Akuter Handlungsimpuls bleibt aus
Insbesondere Business-Marktplätze, wie Amazon Business und ähnliche digitale Player, die stärker vertikal ausgerichtet sind, entwickeln sich zu großen Wettbewerbern, die sich auf die Eroberung von Marktanteilen der etablierten Unternehmen fokussieren. Hinzu kommt die von den Großhändlern immer noch als gut eingeschätzte wirtschaftliche Lage. Ein direkter Anreiz, sich eingehend mit Marktplätzen zu beschäftigen, bleibt daher aus. Sie halten vorerst weiter an traditionellen Vertriebsstrategien fest und konzentrieren sich eher darauf, bestehende Prozesse zu verbessern, um ihre Ziele rund um Kundenzufriedenheit, Logistik und Wachstum zu erreichen.
„Die Großhandelswelt ist im Umbruch – die Anzahl der B2B-Marktplätze ist in den letzten Jahren rasant gestiegen und digitale Akteure sichern sich einen immer größer werdenden Marktanteil. Traditionelle Großhändler sollten sich nicht mehr durch ihre aktuell als gut empfundene wirtschaftliche Lage auf der sicheren Seite wägen. Unternehmen, die auch in Zukunft am Marktwachstum partizipieren möchte, müssen jetzt handeln. Der First-Mover-Vorteil wird nicht mehr lange nutzbar sein“, so Dr. Kai Hudetz, Geschäftsführer des IFH Köln.

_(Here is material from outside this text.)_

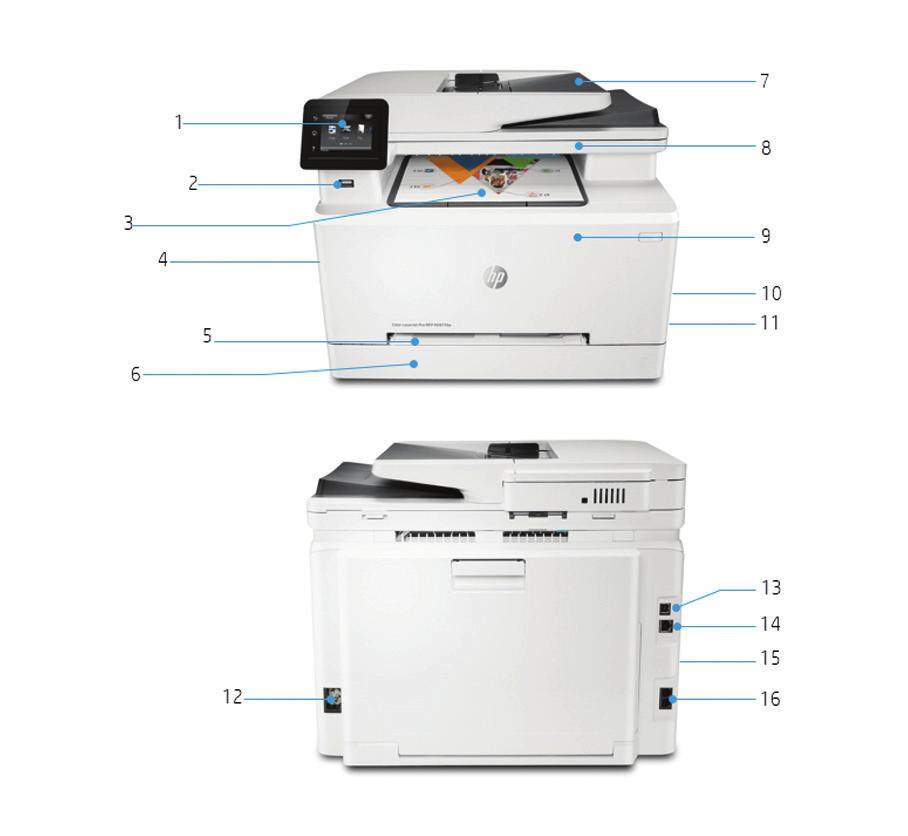 Ürün tanıtımı HP Color LaserJet Pro MFP M281fdw görünümü 1. Özelleştirilebilir iş akışlarına sahip 6,85 cm renkli dokunmatik ekran 2. Öne bakan USB baskı bağlantı noktası 3.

Verkaufsexklusivität und berufliches Selbstverständnis
Der Großhandel lebt seit je her von Kundennähe und engen Beziehungen. Besonders traditionell eingestellte Großhändler halten daher verstärkt an diesem Selbstverständnis und der etablierten Praxis fest. Die Kunden und ihre Bedürfnisse werden jedoch auch im Geschäftskundenumfeld immer individueller, die Einkäufer immer jünger und digitaler. Letztlich erwarten B2B-Käufer heute ein B2C-Shoppingerlebnis, hat das IFH Köln aus den Studienergebnissen abgeleitet. Der Großhandel steckt in der Zwickmühle. Er befürchtet den Wegfall langjähriger Kundschaft durch den Eintritt in die Marktplatzökonomie, gleichzeitig wünschen die eigenen Kunden digitalisierte Prozesse, ein großes Sortiment sowie einfache Vergleichbarkeit und Preistransparenz. Wie können Großhändler dieses scheinbare Dilemma lösen?

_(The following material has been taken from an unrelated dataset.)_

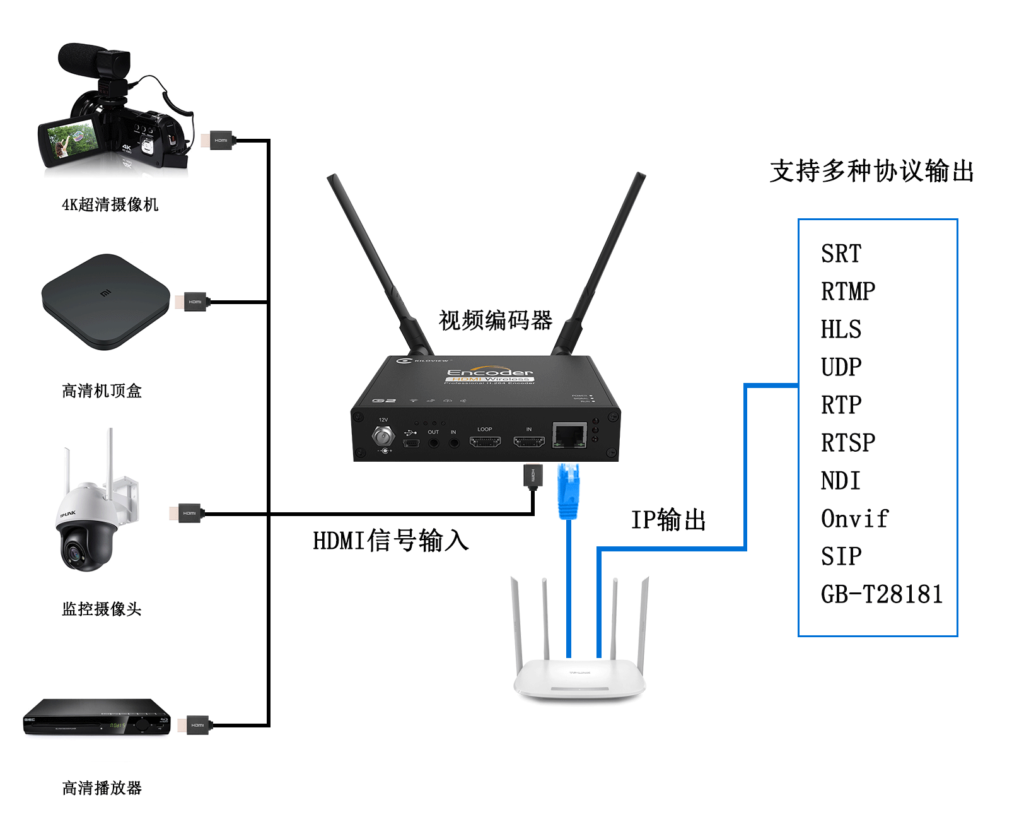 如何将HDMI编码器转IP信号输出?缩略图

Einstieg in die Plattformökonomie
Zwar wird das traditionelle Geschäftsmodell des Großhandels nicht von heute auf morgen abgelöst werden – der Generationenwechsel ist jedoch in vollem Gange. Auf globaler Ebene sind zwei primäre Ansätze zu beobachten: Auf der einen Seite der offensive Ansatz, bei dem Unternehmen den Herausforderungen ihrer Branche mit vorhandenen Ressourcen begegnen und Fachkenntnisse hierfür auf neue Art und Weise einsetzen. Auf der anderen Seite der defensive Ansatz, bei dem Nachzügler auf Wettbewerbsbedrohungen reagieren müssen, um Marktanteile und Margen zu schützen.
Aktuell befindet sich der Großhandel noch in einer idealen Ausgangsposition, um eine offensive Haltung einzunehmen. Händler mit umfangreichen Netzwerken können die Chance nutzen, sich selbst zu einem B2B-Marktplatz zu entwickeln, um als Early Adopter im DACH-Raum aufzutreten. Gleichzeitig muss sich der Außendienst weg vom Transaktionsverkauf, hin zu einer Funktion als Berater, Spezialist und Lösungsanbieter rund um die Angebote des eigenen Marktplatzes entwickeln, rät das IFH Köln in seiner Pressemitteilung. Der Servicegedanke der analogen Welt muss sich im zweiten Schritt auch in die digitale Welt übertragen. So bietet sich die Gelegenheit, einerseits neue Kunden zu gewinnen und andererseits exklusive Stammkunden zu halten.
„Jetzt steht die Entscheidung für Großhändler aller Branchen unmittelbar bevor: Sie müssen die Marktchancen proaktiv nutzen – oder sie werden gegen die Vordenker und Digital Natives, die bereits erste Schritte zur Einführung eines Enterprise-Marktplatzes unternehmen, verlieren. Deutsche Großhändler, die die Marktchancen jetzt nutzen, haben einen entscheidenden Wettbewerbsvorteil und sind Unternehmen, die sich mit traditionellen Strategien zufriedengeben, einen Schritt voraus“, so Marc Teulières, EVP Customer Success B2B bei Mirakl.